Side Effects of a Chubby Childhood
I have an inner Chub-Scout. Sometimes, on binge days, she gets embraced a little tighter than usual. I use the term to be funny about it, and it tends to get a laugh, but it’s the bane of my existence.
By looking at me, you probably would just be confused by this statement until you saw me on this “binge” or “cheat” day. I’m your average twenty-something: purposefully purchasing jeans that do not induce OSTS, and have even been called ‘thin’ by the rare observer. Which is nice. But in my head, dear reader, it’s sweet but simply not true.
Bottom line is: no matter how I look now, I was the fat kid.
I know what you’re thinking: if I appear to be an average-sized girl now, what difference does it make that I spent my childhood chubby? The weight didn’t stay with me, right?
Not even close.
A fat-kid complex isn’t something you can shed by counting calories and drinking your eight glasses of water a day. Not when you’ve been on a diet half your life, have dealt with the name-calling and — what can actually be worse — being flat-out ignored. You’re stuck with those memories of the gangly girls in your elementary school classes calling you “fat” with that look of disdain, like you’re a failure at life because you’re bigger. You’re ignored by the boys you have crushes on in junior high and high school, convinced that your fate is to go unwanted.
And so it’s been ingrained in your head. You don’t know why it has to be this way, but what you are is not good enough. Period.
So how do you deal? There is no instant fix when it comes to diets and life changes, so you draw the attention elsewhere; you become the funny girl, the nice girl, the smart girl—and you cling to it for all it’s worth, because, without that, you’re the first impression.
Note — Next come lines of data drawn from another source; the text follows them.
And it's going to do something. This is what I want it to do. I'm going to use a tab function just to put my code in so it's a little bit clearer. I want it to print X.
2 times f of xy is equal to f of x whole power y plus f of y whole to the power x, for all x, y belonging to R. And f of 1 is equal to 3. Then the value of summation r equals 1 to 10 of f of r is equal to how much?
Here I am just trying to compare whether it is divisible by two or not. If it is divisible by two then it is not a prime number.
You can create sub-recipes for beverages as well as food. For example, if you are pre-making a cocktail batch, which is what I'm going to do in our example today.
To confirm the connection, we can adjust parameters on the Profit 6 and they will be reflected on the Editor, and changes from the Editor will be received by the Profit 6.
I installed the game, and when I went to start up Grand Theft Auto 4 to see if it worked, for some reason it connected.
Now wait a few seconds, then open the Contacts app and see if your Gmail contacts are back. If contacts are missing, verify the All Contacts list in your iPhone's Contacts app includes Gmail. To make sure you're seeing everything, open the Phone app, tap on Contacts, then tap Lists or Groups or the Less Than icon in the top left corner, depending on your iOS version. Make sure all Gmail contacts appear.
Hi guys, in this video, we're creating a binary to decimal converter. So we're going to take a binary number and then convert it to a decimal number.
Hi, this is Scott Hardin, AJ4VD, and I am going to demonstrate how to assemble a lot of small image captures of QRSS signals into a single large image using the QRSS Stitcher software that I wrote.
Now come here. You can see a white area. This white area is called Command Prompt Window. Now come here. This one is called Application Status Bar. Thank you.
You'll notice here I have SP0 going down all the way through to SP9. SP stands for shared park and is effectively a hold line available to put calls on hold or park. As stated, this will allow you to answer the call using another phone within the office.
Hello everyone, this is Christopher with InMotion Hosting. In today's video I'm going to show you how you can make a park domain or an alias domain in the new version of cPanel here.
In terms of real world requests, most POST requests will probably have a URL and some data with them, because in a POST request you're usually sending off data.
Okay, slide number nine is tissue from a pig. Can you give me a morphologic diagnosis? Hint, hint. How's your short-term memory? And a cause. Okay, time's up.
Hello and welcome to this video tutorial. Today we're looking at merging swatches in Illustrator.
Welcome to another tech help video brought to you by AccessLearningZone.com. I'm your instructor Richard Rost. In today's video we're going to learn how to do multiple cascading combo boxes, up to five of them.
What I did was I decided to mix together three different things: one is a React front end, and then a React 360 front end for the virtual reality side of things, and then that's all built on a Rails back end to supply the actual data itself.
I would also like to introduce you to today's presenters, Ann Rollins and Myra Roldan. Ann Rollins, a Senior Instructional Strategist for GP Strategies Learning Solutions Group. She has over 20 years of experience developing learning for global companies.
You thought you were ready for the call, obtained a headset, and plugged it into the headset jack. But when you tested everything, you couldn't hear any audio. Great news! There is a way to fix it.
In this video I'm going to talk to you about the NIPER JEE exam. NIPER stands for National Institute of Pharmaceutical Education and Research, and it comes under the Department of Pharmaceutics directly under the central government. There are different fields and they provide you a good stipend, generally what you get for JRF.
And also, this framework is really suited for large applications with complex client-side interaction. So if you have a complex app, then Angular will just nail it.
You’re just fat.
For me the chubscout years lasted from the end of first grade through the end of my junior year of high school. At age 7 a family member commented that I had gained quite a few pounds on vacation with my parents. For the playground version of Aladdin (age 9), I was cast as The Sultan by some skinny b*tch (whose name I definitely remember but will leave out of this) on the playground. Why? Duh – “because K’s fat!” In fifth grade I tried to fake sick to avoid mandatory swim class. In seventh grade I cried at the thought of being forced to go shopping and ask for the sizes I needed. In ninth grade I started asking my doctor not to tell me what the scale said. Even without getting into the unrequited crushes, my self-esteem was a disaster.
At seventeen, over the course of a semester I lost about 30 pounds, having found a diet that worked. (No worries, I was parentally monitored so as not to get too out of hand with my weight loss.) And tah-dah, what a sad, sad difference I noticed! Teachers would comment that I looked good, a former basketball coach marveled at the shape I had gotten in, and it felt great that people were impressed. Yayyy, I worked hard and wait—was I cute? I think I might’ve gotten cute… at least to the guys who graduated high school before I lost weight. Who I legitimately was reintroduced to, as they clearly did not remember me. For once, it was so nice to be normal, complimented even, to not stand out in a negative way to anyone I met.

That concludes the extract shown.